Task to carry out: Could you restate the data word for word and drop the pictures?

Available data:
>>>

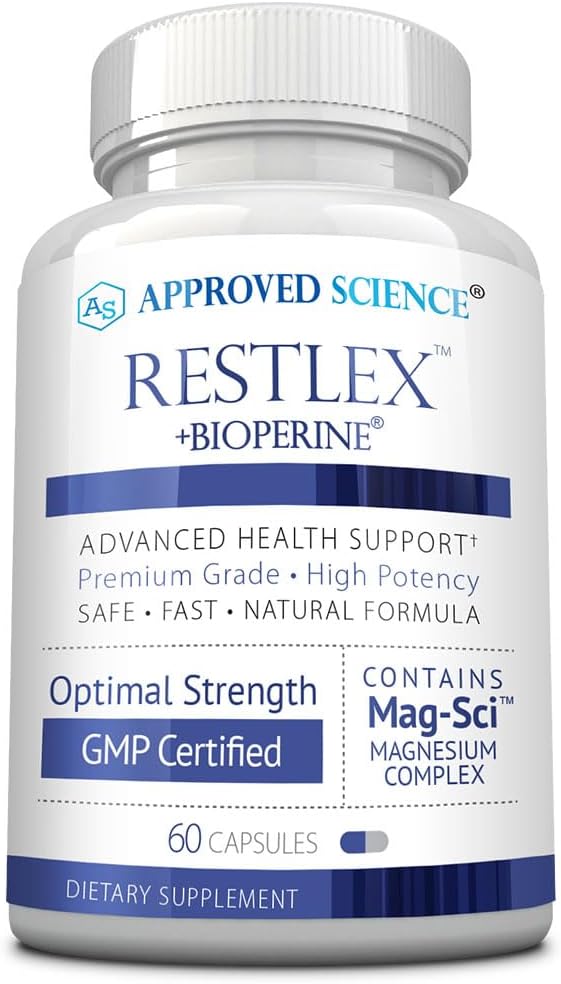Approved Science Restlex - 420 mg Magnesium Glycinate Blend, L-theanine 200 mg - 60 Capsules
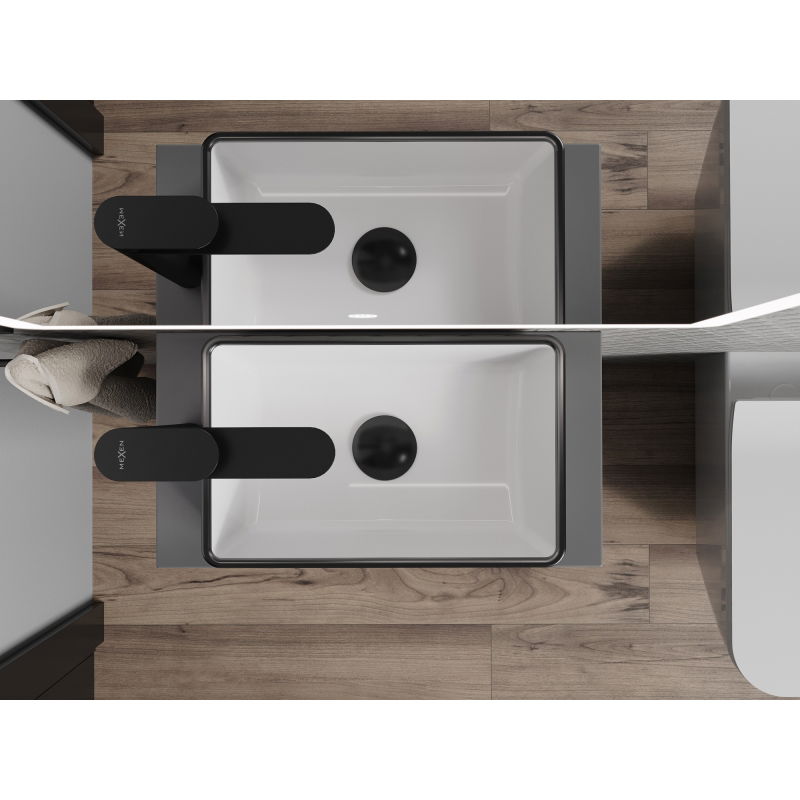 Mexen Nadia плот за мивка 36 x 23 см, бяла/черна рамка - 21613607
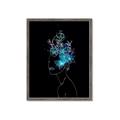 Picture of Neon Flower Girl on Black  _GroupedProduct_Rectangle_Portrait_Framed_Matted_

<<<

Answer below:
Approved Science Restlex - 420 mg Magnesium Glycinate Blend, L-theanine 200 mg - 60 Capsules
 Mexen Nadia плот за мивка 36 x 23 см, бяла/черна рамка - 21613607
 Picture of Neon Flower Girl on Black  _GroupedProduct_Rectangle_Portrait_Framed_Matted_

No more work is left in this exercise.